I will happily eat butter the way most people eat cheese. I usually try to put a little piece of something under it (bread, or whatever) because it seems gauche not to. But I don’t really see anything untoward about eating my butter on its own. I would certainly eat a piece of cheese unaccompanied and they’re both from milk gone better.
Butter is more than just a substance to wet my toast. I savor the really good stuff, the higher fat, well-salted European butter. I swear if I saw a jumper on the GW bridge, I’d plead with him to just take one bite of bread thickly spread with rich salted butter and tell him if he still wanted to jump after that I wouldn’t interfere. Because I know that moment when it hit his tongue—that flash of pleasure– would change everything. I’d be like the Clarence of butter.
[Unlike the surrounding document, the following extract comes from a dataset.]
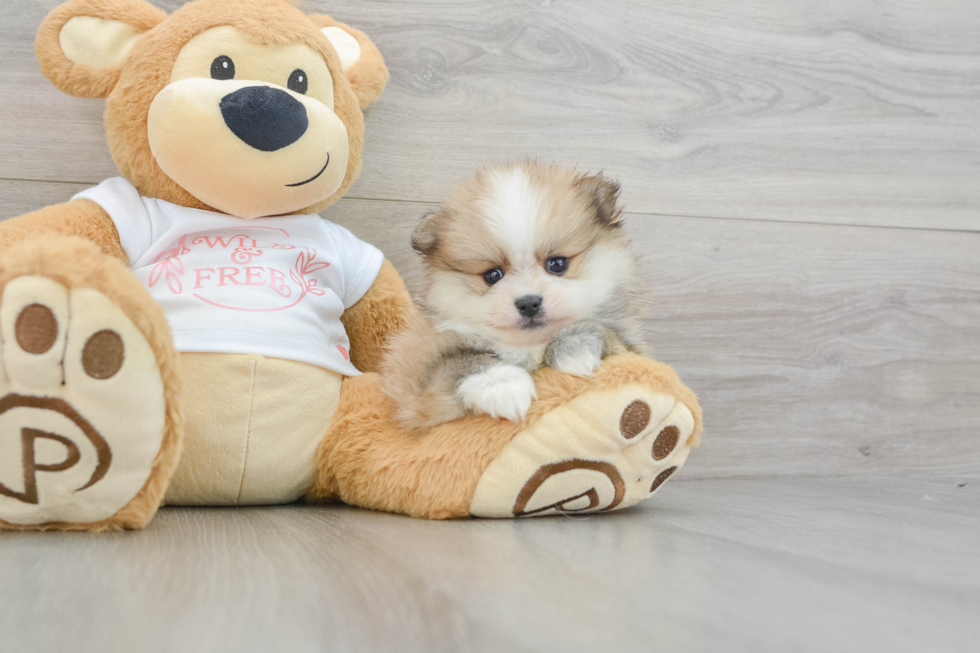 Fluffy Dwarf Spitz Purebred Puppy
I wasn’t all that interested when a company whose butter I love announced they are coming out with a new spreadable version. I love the butter just the way it is. If I want it spreadable, I can just leave it out at room temperature for a little while. I don’t usually need butter when I am in a hurry.
It’s the story behind this butter that intrigued me. It is not spreadable because of an added chemical—or even an added natural ingredient. The ingredients are exactly the same as in their regular butter: pasteurized cream, salt and milk.
In the summer months, cows produce milk that is naturally higher in softer milk fat. The summer milk is then churned in such a way, says Kerrygold, that it maximizes the softness to enhance the spreadability.
We (my husband David and I) wanted to see if that summer milk makes butter that in any way tastes different, so we did a blind taste test comparing the spreadable butter with Kerrygold’s regular butter. We allowed both to soften at room temperature to avoid letting texture influence our assessment of flavor. I stirred the regular butter vigorously to liken the texture to the spreadable butter and spread each on a small piece of bread. David gave it his all, tasting one and then another several times, all in the name of science. And an excuse to eat more and more butter. We could not taste the difference.
Here’s the real problem with the spreadable butter, and the reason I’m not sure I want it around. It makes it too easy to smear a generous slather of butter quickly and on just about anything. It makes bread with butter a go-to snack. Crackers I used to nibble plain now cry for a quick dab of creamy butter, and previously salted radishes now call for dairy. I can’t keep this stuff around: it makes butter too easy.
walter mullen says
I thought I was the only one who ate butter like that, thanks for sharing.